Black Swan

In theaters.

My brother didn’t much care for Black Swan. He said the characters were less archetypal than one-dimensional, the story just a string of tired clichés, and the tone a discordant mess of ostentatiously Serious Drama and stereotypical horror tropes. I myself enjoyed the hell out the movie, but I couldn’t disagree with any of that—except, perhaps, the last part. The tone never struck me as discordant because I never took Black Swan seriously. If director Darren Aronofsky wanted his ballet extravaganza to say something meaningful and insightful about art or perfectionism or gender binaries—and I suppose he did—I don’t think he succeeded in that. But so what? I don’t care about his intention. Regardless of what it what it was meant to be, Black Swan is an absolutely decadent melodrama, amped up to a shriekingly high pitch, resplendent with all of Aronofsky’s mesmerizing cinematic style. That’s enough for me.
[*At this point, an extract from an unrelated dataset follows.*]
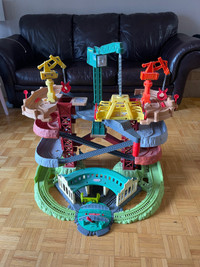 Thomas & Friends Multi-Level Track Set Trains & Cranes Super Tow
Natalie Portman plays Nina Sayers, an ambitious, driven soloist in what is clearly meant to be the New York City Ballet. Nina gets her shot at making principal when ballet master Thomas Leroy (Vincent Cassel) decides to cast her as the lead in his new production of Swan Lake. It’s a huge, potentially star-making honor, but Leroy’s open skepticism in demure Nina’s ability to portray the passionate, dangerous Black Swan—coupled with Nina’s fascination/repulsion with Lily (Mila Kunis), a sensual new soloist in the company—begins to unravel the ballerina’s already fraying nerves.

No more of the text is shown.